Example 6 - ALPPL2 as a clinically useful blood-based tumor marker for endometrial carcinomas

[00100] ALPPL2 expression was analyzed and compared with CA-125 levels in the plasma of 100 endometrial cancers of various histological types (low- and high-grade) and 60 normal women. Median ALPPL2 levels were significantly higher in grade I endometrial cancer patients (control, 1.172 ng/mL vs. case, 1.486 ng/mL; P < 0.0001) whereas patients with advanced stage disease (grade IIFIV) displayed higher CA-125 values (control, 18.21 U/mL vs. case, 28.15 U/mL; P = 0.0002; Figure 5A and 5B). However, overall plasma ALPPL2 levels in patients with endometrial cancer (median, 1.4 ng/mL; range, 0.54-11.12 ng/mL) was significantly higher than normal women (median, 1.1 ng/mL; range, 0.35-2.99 ng/mL; P = 0.0101) as compared with CA-125 levels (case: median, 19.48 U/mL; range, 2.59-169.20 U/mL vs. control: 18.21 U/mL; range, 4.84-132.20 U/mL; P = 0.2832). The inventors also compared ALPPL2 values with CA-125 values for individual case and control samples (Figure 5C). With a threshold of 1.5 ng/mL, ALPPL2 was positive in 40 of 100 cases (40%) whereas only 24 of 100 (24%) cases were detected by CA-125 cutoff values (35 U/mL, Figure 5D). Overall, in a cohort of 160 women, 52 individuals (33%) had higher ALPPL2 threshold values whereas only 33 individuals (12%) had elevated CA-125 values (Figure 5E). Furthermore, to determine the prognostic significance of ALPPL2, the inventors generated ROC curves to discriminate cancer cases from controls. The superiority of ALPPL2 over CA-125 was strengthened when the analysis was limited to grade I endometrioid endometrial cancer patients (ALPPL2 AUC, 0.71 vs. CA-125 AUC, 0.55; Figure 5F). Compared with grade I cases, CA-125 displayed better prognosis for grade IIFIV patients (CA-125 AUC, 0.73 vs. ALPPL2 AUC, 0.55; Figure 5G). However, for all patients, the sensitivity of ALPPL2 (0.40) was higher than CA-125 (0.24, Figure 5H). Thus, it appears that ALPPL2 titers independently better recognize early stage endometrial cancer patients than CA-125.
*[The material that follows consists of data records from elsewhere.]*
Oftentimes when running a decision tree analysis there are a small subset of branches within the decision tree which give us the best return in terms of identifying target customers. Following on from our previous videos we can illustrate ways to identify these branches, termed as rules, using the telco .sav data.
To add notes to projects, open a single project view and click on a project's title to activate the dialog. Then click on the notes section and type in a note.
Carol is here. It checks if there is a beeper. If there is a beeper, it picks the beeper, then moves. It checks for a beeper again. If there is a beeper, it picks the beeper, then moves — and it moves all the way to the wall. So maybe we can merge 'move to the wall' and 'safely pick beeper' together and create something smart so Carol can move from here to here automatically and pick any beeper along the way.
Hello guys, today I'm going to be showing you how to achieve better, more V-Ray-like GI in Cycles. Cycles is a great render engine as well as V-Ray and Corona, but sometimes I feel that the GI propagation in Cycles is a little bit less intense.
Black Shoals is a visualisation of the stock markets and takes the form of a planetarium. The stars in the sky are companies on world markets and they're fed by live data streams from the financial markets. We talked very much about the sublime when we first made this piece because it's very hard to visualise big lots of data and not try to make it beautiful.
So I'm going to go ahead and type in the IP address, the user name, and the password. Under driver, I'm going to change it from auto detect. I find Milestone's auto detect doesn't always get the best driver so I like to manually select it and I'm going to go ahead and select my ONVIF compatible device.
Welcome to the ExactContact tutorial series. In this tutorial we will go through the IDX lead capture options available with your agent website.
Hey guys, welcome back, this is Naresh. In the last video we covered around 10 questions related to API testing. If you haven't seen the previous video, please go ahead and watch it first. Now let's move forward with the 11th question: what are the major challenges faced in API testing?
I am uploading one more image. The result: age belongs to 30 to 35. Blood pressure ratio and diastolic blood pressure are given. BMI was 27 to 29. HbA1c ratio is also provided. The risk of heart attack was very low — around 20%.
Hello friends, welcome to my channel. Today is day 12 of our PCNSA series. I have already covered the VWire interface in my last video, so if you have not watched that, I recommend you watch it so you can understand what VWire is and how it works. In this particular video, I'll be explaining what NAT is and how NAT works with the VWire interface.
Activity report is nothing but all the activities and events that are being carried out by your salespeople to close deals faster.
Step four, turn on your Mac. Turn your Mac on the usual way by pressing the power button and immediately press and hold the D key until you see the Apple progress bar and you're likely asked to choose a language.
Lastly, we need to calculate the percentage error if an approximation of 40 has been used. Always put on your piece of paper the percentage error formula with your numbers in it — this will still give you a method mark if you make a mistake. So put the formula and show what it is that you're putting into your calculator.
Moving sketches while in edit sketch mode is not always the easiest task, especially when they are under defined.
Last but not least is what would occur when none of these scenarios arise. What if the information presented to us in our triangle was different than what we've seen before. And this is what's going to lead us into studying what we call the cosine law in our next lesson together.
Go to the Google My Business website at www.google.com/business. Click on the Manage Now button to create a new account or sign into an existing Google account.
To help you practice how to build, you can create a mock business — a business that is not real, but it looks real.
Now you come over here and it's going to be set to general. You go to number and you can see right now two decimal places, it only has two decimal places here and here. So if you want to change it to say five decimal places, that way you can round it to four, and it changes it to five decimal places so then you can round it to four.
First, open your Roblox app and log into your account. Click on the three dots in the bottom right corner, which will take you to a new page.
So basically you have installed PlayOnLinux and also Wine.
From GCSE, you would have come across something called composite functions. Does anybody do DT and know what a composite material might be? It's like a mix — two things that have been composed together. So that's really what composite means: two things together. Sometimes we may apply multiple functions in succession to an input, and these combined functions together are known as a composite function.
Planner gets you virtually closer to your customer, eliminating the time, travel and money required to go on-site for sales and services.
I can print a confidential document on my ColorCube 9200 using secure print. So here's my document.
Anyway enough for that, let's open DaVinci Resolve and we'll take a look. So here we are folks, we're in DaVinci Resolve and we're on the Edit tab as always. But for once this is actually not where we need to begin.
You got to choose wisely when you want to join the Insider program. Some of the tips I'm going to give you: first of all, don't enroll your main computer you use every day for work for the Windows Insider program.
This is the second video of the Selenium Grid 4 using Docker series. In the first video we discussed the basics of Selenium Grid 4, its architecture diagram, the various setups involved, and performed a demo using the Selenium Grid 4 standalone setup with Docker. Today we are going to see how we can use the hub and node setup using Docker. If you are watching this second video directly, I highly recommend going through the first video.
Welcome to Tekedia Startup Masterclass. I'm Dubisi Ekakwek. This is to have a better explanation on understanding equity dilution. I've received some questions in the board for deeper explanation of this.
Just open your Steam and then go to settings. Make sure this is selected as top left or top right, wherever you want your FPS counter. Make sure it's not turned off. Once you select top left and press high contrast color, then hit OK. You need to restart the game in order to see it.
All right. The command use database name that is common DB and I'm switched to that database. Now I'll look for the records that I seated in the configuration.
Example 7 - ALPPL2 expression in ovarian cancer

[00101] The inventors then investigated ALPPL2 expression in ovarian tissue samples from four patients with a confirmed diagnosis of ovarian cancer. As shown in Figure 6, ALPPL2 protein is clearly detectable, and in at least patients 2, 3 and 4 detectable at high levels relative to the housekeeping protein GAPDH, in ovarian cancer tissue samples but not in a control sample from healthy patient without ovarian cancer.